THE first part of the  Grand Union Canal from the Trent through Leicester is the Leicester Section, with this most northern part taking advantage of the Soar from its meeting with the Trent at Trent Lock to Leicester, with many canalised sections.

There is of course a flow, which in times of heavy rain can be quite fierce, but as quickly as it can rise it can also fall, not being such a long river, and should pose no problem for the holiday maker, in its main being a placid river.

Difficult to move

The locks are broad on this Leicester section, with some gates quite difficult to move, needing a lot of effort, paddle gear too is sometimes stiff. Being a river, mooring on the whole is limited to its canalised sections, where often rings are provided.

The Soar though is a very pleasant river to cruise, with both wooded banks and open views, though care has to be taken at the many blind bends, and being a river the sometimes fierce bywashes at locks can be somewhat disconcerting for the beginner hirer though with a little common sense they can usually be avoided.

Shopping limited

Supermarket shopping however is limited to Loughborough, though the villages by the river do have their own sometimes sparse shopping facilities, often no more than a short walk away.

There are a couple of small shops by the waterway by the 'straight mile' (pictured) in Leicester itself. With many boatyards and marinas at its lower reaches, there are plenty of boater facilities along the waterway.

Though there are bollards along most of the straight mile, we have never seen any boats moored there during the numerous times we have gone through.

A recent problem however has been the rapid growth of Pennywort, which can spread virtually across the river, leaving small channels, as well as choking up the locks.
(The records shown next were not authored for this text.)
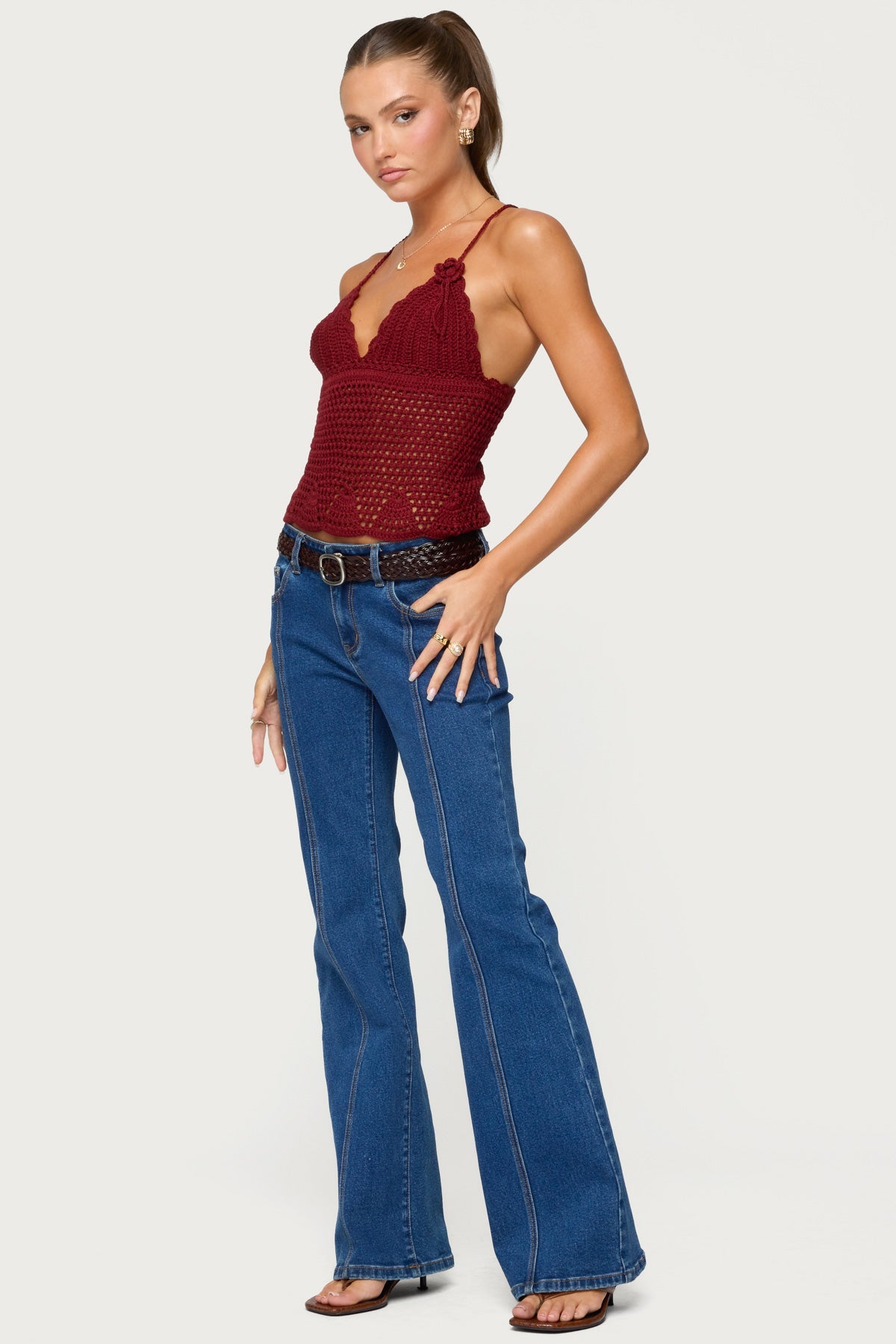 Delila Crochet V Neck Top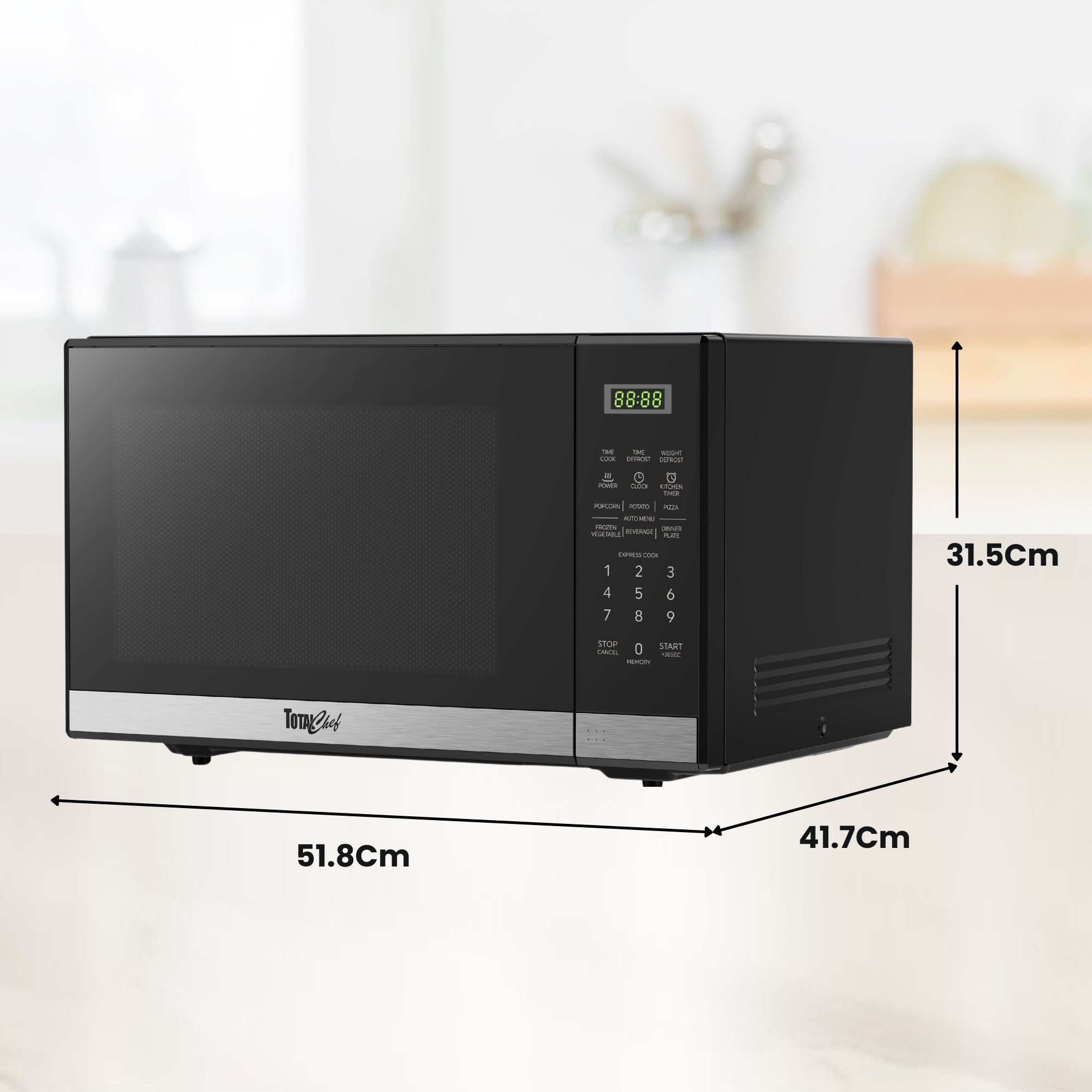 Total Chef 1100W Microwave Oven 34L Black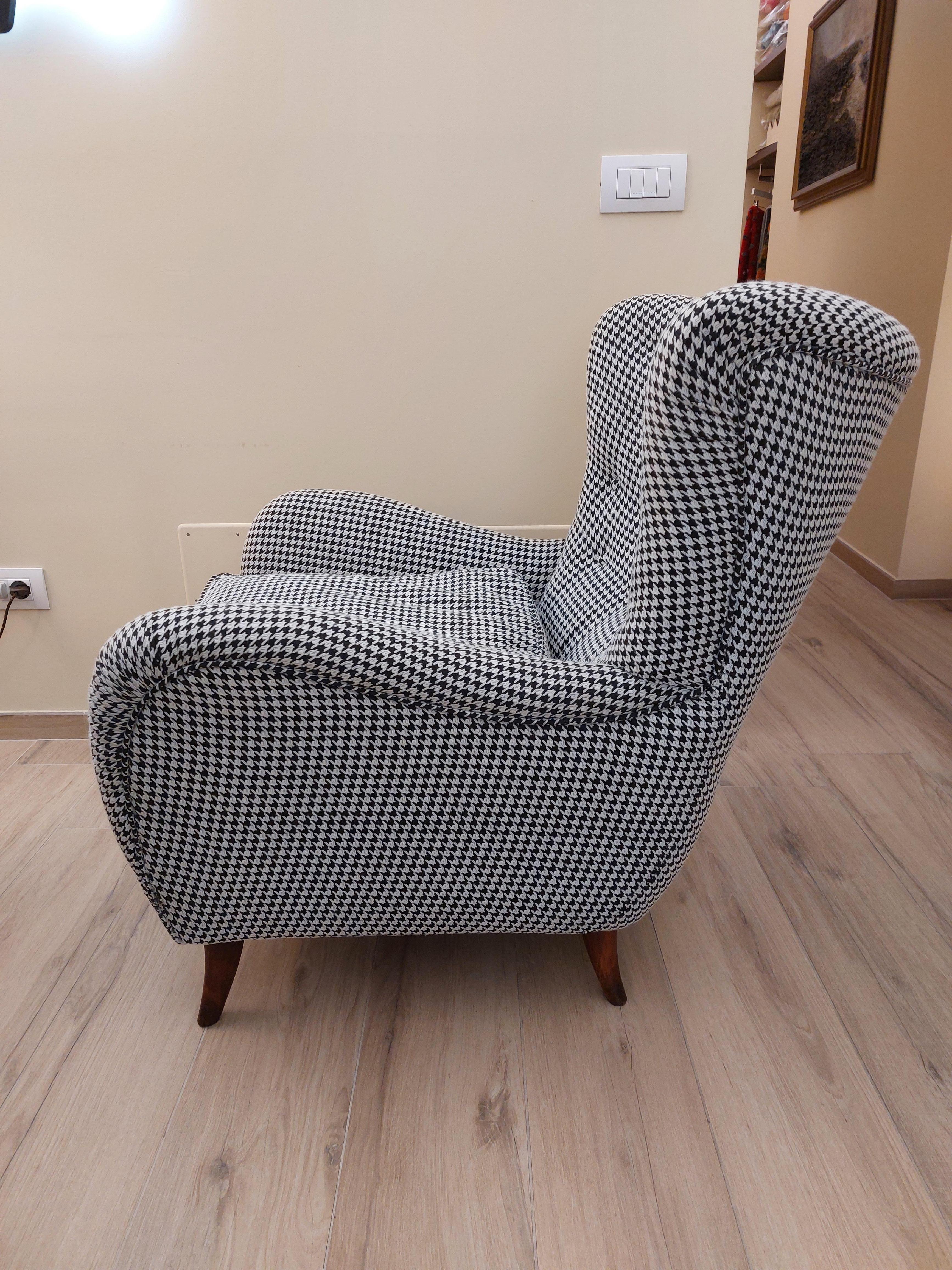 Mid-20th Century '40s Armchair with New Houndstooth Upholstery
This of course gets itself wrapped around the stern shaft and propeller.

In Leicester the waterway leaves the Soar and becomes a normal canal as it passes its centre, with once again plenty of moorings by its side.

Vandal activity

It has long been accepted that the waterway through Leicester is a hive of vandal activity, which is why you will meet very few boats, and rarely any boats moored overnight anywhere through the city.

Knowledgeable hire boaters going South either moor overnight at Birstall, or those wanting the countryside, by the attractive lakes just beforehand, and those heading North invariably moor at Kilby Bridge (pictured) where there are facilities. It is then a matter of a very early start and getting through the city. Around Aylestone is pretty bad, with often the large amount of empty beer cans in the lock giving some idea of the activity.

Secure moorings

Secure moorings were built in the centre of the city by the university off-side, as seen in Alan Tilbury's picture, but a handy footbridge over the moorings, useful for dropping objects, was not taken into consideration, so they seem to be rarely used, except for the end away from the bridge.

Even through many paddles are locked, vandals still seem to  manage to open them with the result being  a flooded towpath below locks and often a near empty pound above.

Many boaters, ourselves included, will not venture through Leicester at a weekend under any circumstances. But it must be mentioned that there is now a ranger who patrols the area on a motorbike. It is a great pity about the vandal activity, for there is some most interesting cruising through Leicester, with delightful lengths of waterway including Aylestone Park (pictured) but the mass of empty beer cans shows its other side.

Attractive farmland

After the city it is a matter of working the often heavy broad lock gates for mile after mile.  It is attractive remote farmland though, but with few facilities except for the odd marina. Boaters should take little notice of distant shops listed in boating guides in this area, for many of them are now closed, as unlucky boaters (ourselves included) have discovered to their dismay after a long tramp.

This area of the Grand Union Canal from the Trent to Foxton really needs a fairly strong crew, and one capable of undertaking the distance to safety through Leicester and its many locks.

From the Trent to Foxton is 43 miles with 43 broad locks and a single tunnel.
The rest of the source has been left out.